Having lived in Chengdu for ten years, Charlie has traveled to every corner of China and back again, calling the Yulin neighborhood of Chengdu his adopted home.

9 Responses to “Podcast #23: Why Expat Businesses Fail”

  1. They fail because they seem like fun to start. It’s an exciting new project and everything is interesting. The novelty is intoxicating.

    Then, after the first few months, the reality of having to run a business sinks in. The owner – who started the whole thing from a sense of seeking novelty – wants to move on to the next new project. The business begins to flounder as the only thing keeping it afloat was the owner’s constant attention. She’s busy with other things, and when the lease expires in 6-12 months, she closes it up and moves on. Seen it happen a million times.

    • Chris Ziich

      This is true especially in the bar and restaurant business. People think “I love drinking and I’m in bars all the time. I should open a bar!” Or “I’m an excellent chef, my girlfriend tells me so. I should open a restaurant!”

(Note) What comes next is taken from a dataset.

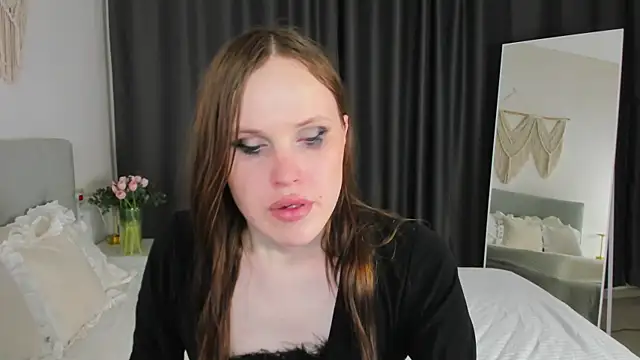 EffieMinki online show from 3, 5, 2026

      Then they get in way over their heads not realizing they now have to work 70-100 hour weeks and now figure out accounting, marketing, customer service, food prep/supply/storage, human resources/staffing, cleaning, tweaking and adjusting the business model while taking in a meager hourly salary if they can manage to make a profit, which usually doesn’t happen until after several months of operation.

  2. Xavihey

    The audio on iTunes is from the previous podcast (#22). Had to come over here to listen to the right one.

    Cheers

    • Charlie

      Thanks for the heads up Xavihey, there was a problem with the podcast feed that has been fixed. If it’s showing the wrong episode in your podcast app, you may have to delete the episode and download again to fix it. Sorry for the hassle!

  3. Charlie

    Man, I can really empathize with this comment. I have seen the same thing many times also. The idea of running something like a bar or a restaurant and the reality of doing so are two very different things. As mentioned in the podcast by Chris, a lot of the proprietors of places which come up in our conversation do not have experience founding or managing businesses, so in a way Chengdu is a place where a lot of people cut their teeth. There are other factors as well but that is a big one.

  4. Ray

    I think the key is that the business is what you love and you are passionate about it. To say it’s a lifelong commitment may be an overstatement but i think if you open it with the idea of “this is better than teaching” or “Chengdu doesn’t have this so I’ll open one” is not a long term recipe for success. I know 2 record store owners (one in Melbourne and one in the States) and they’re both still open (which is a minor miracle given the turmoil in the music industry over the last decade). Those guys do it cos music for them is like smack to a junkie, and when you talk to them about music you can see that they’ve found they’re calling in life…

    • Charlie

      That’s true, when you are pursuing a new endeavor it is easy to be motivated and committed but when that initial excitement wears off and it’s no longer novel, that is a real test of commitment which a lot of small businesses do not get past. In the case of Johnny 5 and Dave’s Oasis (as both Johnny and Chris mention) it’s tough to always be “on” when you’re dealing with people all day. And it’s not so easy to just outsource that and have other people be the face of your business.

  5. Nice podcast. The only issue I have is that everybody is talking about expat businesses but in reality those are only restaurants and bars. I was hoping to find out about other areas. I am curious if more expats will start to explore other possibilities in and outside service industry. But for non-local this might be just too difficult.

    • Charlie

      There are expats running business in other industries but from what I’ve observed a huge percentage are in the service industry. There are others though, check out the podcast with the Walnut founder Michael from Canada, published recently.